Jetzt zum eigentlichen:

Ich besitze seit ca. 15 Monaten ein "LG Flatron L194WT" der gestern auch noch einwandfrei funktionierte. Ich hab ihn dann nach dem arbeiten ausgeschalten und heute Morgen wollte ich ihn wieder anschalten aber es regt sich nichts, der TFT bleibt einfach aus, kein Bild und keine LEDs leuchten 

Wenn ich den Netzstecker abzieh und wieder ansteck dann blinkt die Power-LED kurz auf und das wars dann.

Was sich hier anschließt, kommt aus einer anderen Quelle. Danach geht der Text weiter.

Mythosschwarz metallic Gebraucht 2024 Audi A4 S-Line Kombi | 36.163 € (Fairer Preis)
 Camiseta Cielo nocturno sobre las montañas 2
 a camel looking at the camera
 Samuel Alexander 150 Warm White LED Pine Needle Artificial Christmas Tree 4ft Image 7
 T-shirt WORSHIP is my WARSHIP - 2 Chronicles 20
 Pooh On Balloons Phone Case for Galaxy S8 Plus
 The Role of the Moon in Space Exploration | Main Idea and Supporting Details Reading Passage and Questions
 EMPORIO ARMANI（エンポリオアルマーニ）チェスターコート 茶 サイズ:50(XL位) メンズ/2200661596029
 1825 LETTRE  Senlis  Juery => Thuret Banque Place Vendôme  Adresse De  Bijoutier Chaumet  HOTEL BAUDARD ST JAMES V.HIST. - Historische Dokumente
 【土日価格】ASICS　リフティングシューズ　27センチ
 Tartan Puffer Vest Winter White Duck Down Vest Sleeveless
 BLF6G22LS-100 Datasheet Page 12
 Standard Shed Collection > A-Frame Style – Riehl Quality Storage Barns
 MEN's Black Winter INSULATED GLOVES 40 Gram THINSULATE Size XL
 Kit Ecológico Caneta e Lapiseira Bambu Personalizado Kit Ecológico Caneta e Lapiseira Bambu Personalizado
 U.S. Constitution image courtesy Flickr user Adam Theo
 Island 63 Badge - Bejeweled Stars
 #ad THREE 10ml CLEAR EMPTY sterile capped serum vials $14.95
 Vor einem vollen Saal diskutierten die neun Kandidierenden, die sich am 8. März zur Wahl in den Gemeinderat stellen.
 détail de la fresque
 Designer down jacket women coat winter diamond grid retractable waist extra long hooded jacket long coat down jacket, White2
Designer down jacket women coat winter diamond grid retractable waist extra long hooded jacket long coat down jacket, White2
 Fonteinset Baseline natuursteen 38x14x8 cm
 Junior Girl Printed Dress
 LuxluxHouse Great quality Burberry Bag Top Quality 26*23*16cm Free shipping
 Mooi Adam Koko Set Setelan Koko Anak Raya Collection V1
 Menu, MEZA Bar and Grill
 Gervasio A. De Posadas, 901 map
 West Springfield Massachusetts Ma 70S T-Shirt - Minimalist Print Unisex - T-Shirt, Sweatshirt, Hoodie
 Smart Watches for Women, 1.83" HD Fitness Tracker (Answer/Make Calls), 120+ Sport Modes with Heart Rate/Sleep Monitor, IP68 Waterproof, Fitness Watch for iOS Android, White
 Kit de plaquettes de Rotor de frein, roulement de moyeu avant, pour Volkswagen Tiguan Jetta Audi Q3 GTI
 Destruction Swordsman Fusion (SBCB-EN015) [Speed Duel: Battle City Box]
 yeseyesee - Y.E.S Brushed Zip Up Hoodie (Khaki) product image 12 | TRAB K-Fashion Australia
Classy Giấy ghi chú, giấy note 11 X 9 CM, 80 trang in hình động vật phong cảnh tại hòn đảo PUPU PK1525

In anderen Foren hab ich gelesen das man mal die Steckdose wechseln soll, so kurios wie es klinkt aber bei manchen hat es funktioniert aber bei mir leider nicht, das Dingens will nicht mehr angehen 

Ich hab jetzt einen anderen Monitor in betrieb, es kann also nicht an der Grafikkarte liegen.

Gestern lief ja noch alles und komische gerüche ala durchgeschmort riech ich am Gerät nicht.

Hat evtl. jemand eine Ahnung was es noch sein könnte ?

Danke jetzt schonmal 

Frohe Weihnachten o/


----------